Section 1 of part 6 of said law (2 Comp. Laws 1915, § 5488) reads as follows:

“If the employee, or his dependents, in case of his death, of any employer subject to the provisions of this act files any claim with, of accepts any payment *89from such employer, or any insurance company carrying such risks, or from the commissioner of insurance on account of personal injury, or makes any agreement, or submits any question to arbitration under this act, such action shall constitute a release to such employer of all claims or demands at law, if any, arising from such injury.”

Under these two sections it is the claim of defendant city that the industrial accident board was in error in permitting claimant to retain the sum received by her in settlement of the suit at law against the Grand Rapids-Muskegon Power Co. and at the same time compel it, the defendant city, to continue payments to claimant as compensation under the act.
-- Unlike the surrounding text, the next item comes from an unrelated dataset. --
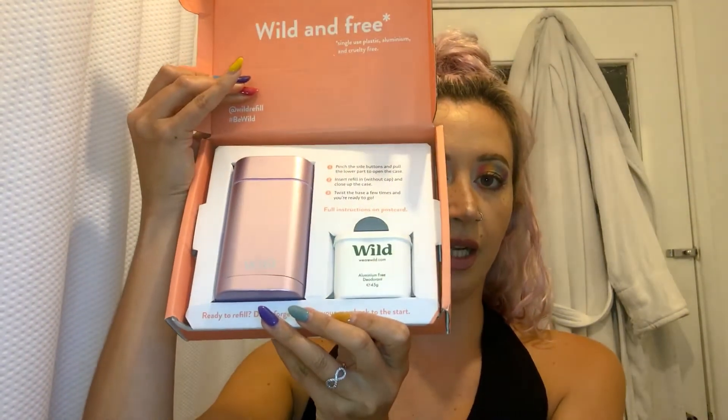Now this is part two. Wild have kindly sent me a new edition which is the new purple case. Last video we only had three colour options. This one is a lovely lilac purple shiny metallic colour — it's absolutely beautiful. Still exactly the same size as the original containers. I love anything rainbow purple; purple's my favourite colour.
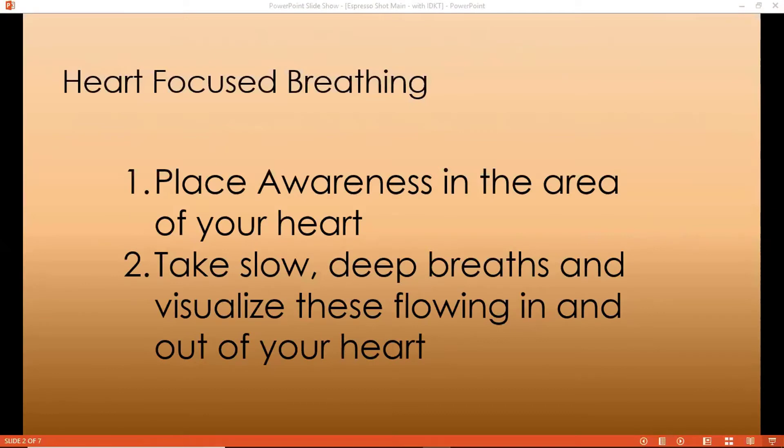Let us begin this heart focus breathing technique by placing our awareness in the area of the heart. Take slow deep breaths and visualize these flowing in and out of your heart, breathing a little slower, a little gentler than you normally would.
This it is said amounts to double compensation to the claimant and should not be permitted. It is true that under section 15 of part 3 above quoted, the employee himself must make an election and cannot proceed against his employer for compensation and against a third party, the wrongdoer, for damages, and it is equally true that when the employer pays compensation he is empowered under the same section to recover such sums as he pays from the wrongdoer for his own benefit. Neither the section under, consideration, however, nor section 1 of part 6 (2 Comp. Laws 1915, § 5488) contains any limitation upon the rights of dependents except that, under section 1 of part 6, a dependent who accepts compensation from an employer releases to said employer all claims or demands at law, if any, arising from such injury. We think it cannot be contended that Kate Vereeke, by accepting compensation from the city of Grand Rapids, thereby released the Grand Rapids-Muskegon Power Co., the alleged wrongdoer, from liability in an action for the benefit of heirs at law or creditors of David Vereeke. By making a claim for compensation against the employer, the defendant city, she clothed that employer *90under the terms of section '15, part 3 (2 Comp. Laws 1915, § 5468), with a right of action against the wrongdoer. Had that right of action been prosecuted by the city recovery thereupon would certainly have been taken into consideration in awarding damages in a suit instituted by the administrator of the estate against the alleged wrongdoer. Having failed to protect its rights in the manner pointed out by the statute we are of opinion that the appellant city cannot now by petition to the industrial accident board have credited upon the award against it any sums received by Kate Vereeke as a result of the suit against the power company.

Judgment must be affirmed.

Ostrander, C. J., and Bird, Moore, Steere, Fellows, Stone, and Kuhn, JJ., concurred.